We’re trying to get to Elephant Island--where Shackleton’s crew overwintered The island is surrounded by pack ice. Spent the morning moving around trying to find an opening in the ice, through the fog.
We came up on two humpback whales, followed them for a while. After the captain turned back to finding a way through the ice, the whales stayed with us for about 20 minutes more. The sonar indicates a concentration of just below the surface. The whales were eating without have to go deep
Just announced--the pack ice is too extensive. It is a mix of surface ice (OK kind of ice) glacier ice (you really don’t want to hit with a ship), multi year ice (also a no-no). We can not find a way in that would also guarantee us a way out. So we are abandoning our attempt to get to Elephant Island.
On our way to the South Orkneys, the bridge spots five fin whales-the second largest of the baleen whales. Spend about half an hour watching them, the are doing very shallow dives.

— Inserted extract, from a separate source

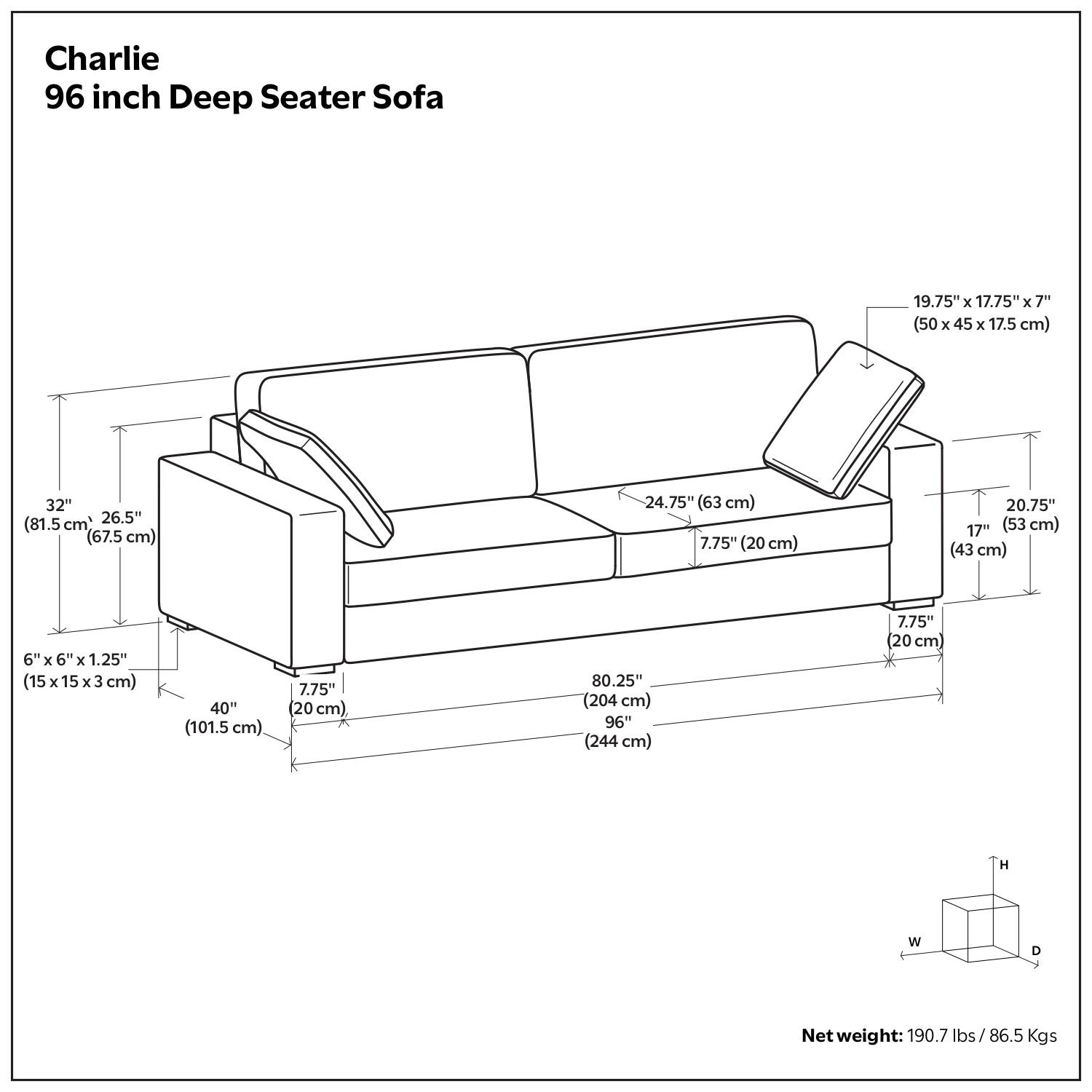 Charlie  
96 inch Deep Seater Sofa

Tonight, the first showing of a new Lindblad movie, “Counting Penguins.” It is about Oceanites, the only non-governmental research group working in Antarctica. More about Oceanities in a future post.
Late update. We are skipping the South Orkneys--today’s ice report shows even more ice around the South Orkneys than around Elephant Island. So we will get an extra day on South Georgia. You have to be flexible when on a Lindblad trip. They take advantages of changing conditions with quite a few changes in plans.